(Image-caption web data)
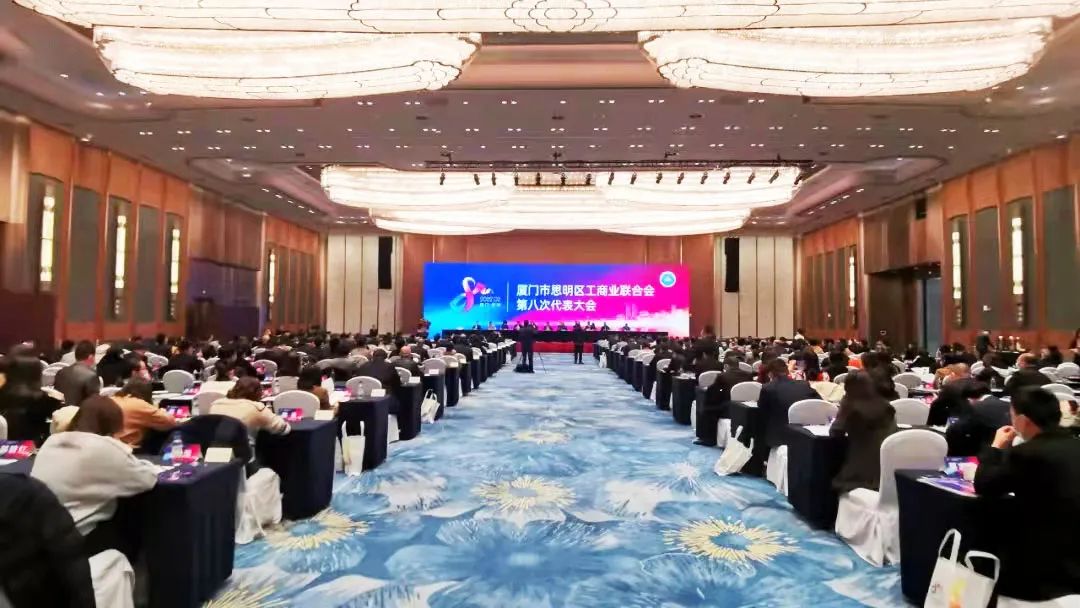 环亚集团·AG88(中国游)官方网站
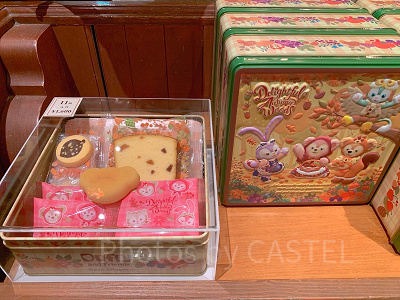 アソーテッド・スウィーツ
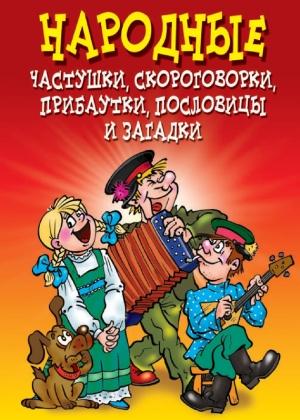 Обложка книги «Народные частушки, скороговорки, прибаутки, пословицы и загадки» — Татьяна Лагутина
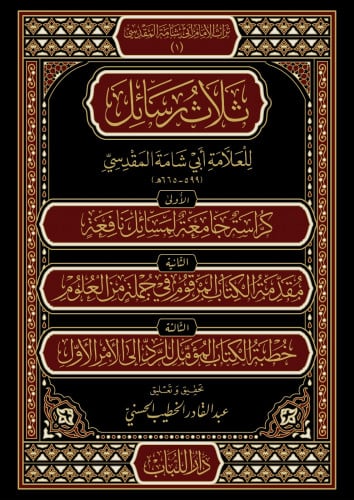 ثلاث رسائل للعلامة أبي شامة المقدسي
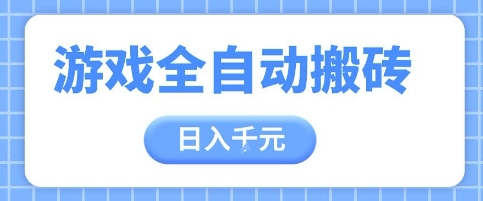游戏全自动打金搬砖，日入多张，手把手带你，收益冠军项目【揭秘】-wanlih项目库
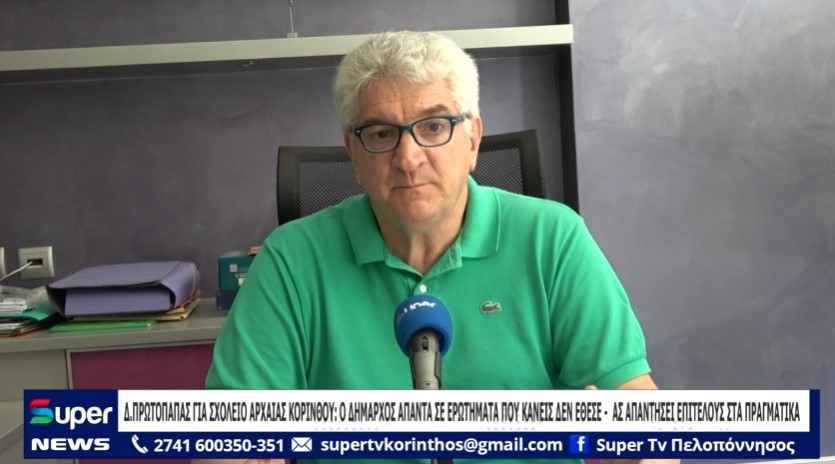 You are currently viewing Δ.ΠΡΩΤΟΠΑΠΑΣ ΓΙΑ ΣΧΟΛΕΙΟ ΑΡΧΑΙΑΣ ΚΟΡΙΝΘΟΥ : Ο Κ.ΔΗΜΑΡΧΟΣ ΑΠΑΝΤΑ ΣΕ ΕΡΩΤΗΜΑΤΑ ΠΟΥ ΚΑΝΕΙΣ ΔΕΝ ΕΘΕΣΕ – ΑΣ ΑΠΑΝΤΗΣΕΙ ΕΠΙΤΕΛΟΥΣ ΣΤΑ ΠΡΑΓΜΑΤΙΚΑ (ΒΙΝΤΕΟ)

- Task objective
Could you return all of the entries above exactly, without any images?

- Result for this task
 环亚集团·AG88(中国游)官方网站
 アソーテッド・スウィーツ
 Обложка книги «Народные частушки, скороговорки, прибаутки, пословицы и загадки» — Татьяна Лагутина
 ثلاث رسائل للعلامة أبي شامة المقدسي
游戏全自动打金搬砖，日入多张，手把手带你，收益冠军项目【揭秘】-wanlih项目库
 You are currently viewing Δ.ΠΡΩΤΟΠΑΠΑΣ ΓΙΑ ΣΧΟΛΕΙΟ ΑΡΧΑΙΑΣ ΚΟΡΙΝΘΟΥ : Ο Κ.ΔΗΜΑΡΧΟΣ ΑΠΑΝΤΑ ΣΕ ΕΡΩΤΗΜΑΤΑ ΠΟΥ ΚΑΝΕΙΣ ΔΕΝ ΕΘΕΣΕ – ΑΣ ΑΠΑΝΤΗΣΕΙ ΕΠΙΤΕΛΟΥΣ ΣΤΑ ΠΡΑΓΜΑΤΙΚΑ (ΒΙΝΤΕΟ)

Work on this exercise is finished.